La carrière de Tony Cadet a pris un nouveau tournant en fin d’année dernière. Installé en Bretagne, le pilote de cinquante ans a décidé de se lancer dans une nouvelle aventure. Excellent formateur de jeunes chevaux, le sympathique cavalier avait, entre autres, permis de révéler tout le potentiel des talentueux Consul dl Vie, Uppsala del Caballero et Tolède de Mescam. Si le commerce fera inévitablement partie de son futur, Tony Cadet espère bien saisir les bonnes opportunités pour, pourquoi pas, regoûter au haut niveau avec une monture du même calibre que ses deux anciennes complices.

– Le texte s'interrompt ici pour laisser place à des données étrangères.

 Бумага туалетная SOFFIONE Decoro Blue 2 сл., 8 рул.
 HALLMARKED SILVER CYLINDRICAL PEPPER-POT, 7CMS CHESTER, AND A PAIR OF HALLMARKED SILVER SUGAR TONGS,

En fin d’année dernière, Tony Cadet a pris un nouveau virage, dans sa carrière et sa vie. Après avoir effectué l’intégralité de son parcours équestre en France, le cavalier de cinquante ans, réputé pour ses qualités de formateur de jeunes chevaux, a décidé de démarrer une nouvelle aventure aux États-Unis. Pas question pour autant de délaisser sa structure hexagonale, sise à Moustéru, dans les Côtes-d’Armor, près de Guingamp. Ainsi, le Breton ambitionne de passer plus ou moins six mois en Amérique, lors de la période hivernale, puis de revenir en France le reste de l’année, pour la saison estivale. “Je travaille pour Janie et Mike Yag, qui gèrent l’écurie Shore Acres Farm. Ils sont clients chez moi, en France depuis plusieurs années, au cours desquelles ils m’ont invité plusieurs fois à venir aux États-Unis.

J’ai fait des concours et ai obtenu de bons résultats. Ils m’ont alors proposé de m’embaucher entièrement. Je leur ai dit que je voulais bien venir l’hiver, lorsqu’il n’y a pas de concours en France et essayer de développer quelque chose outre-Atlantique. Le reste du temps, je reviens en France, dans mes écuries, que j’ai conservées. J’ai une super cavalière qui monte et fait travailler les jeunes chevaux en mon absence”, explique Tony Cadet. “Toute ma carrière, j’ai monté beaucoup de chevaux difficiles, avec lesquels d’autres cavaliers ne s’en sortaient pas. Parfois, on n’a pas toujours le sentiment d’être reconnu pour le travail effectué avec ces chevaux-là. Je sais que j’aurais toujours du travail en France, mais je voulais me lancer dans une nouvelle aventure, avoir une autre expérience. Cela me motive et je n’aurais pas supporté de rester à rien faire !”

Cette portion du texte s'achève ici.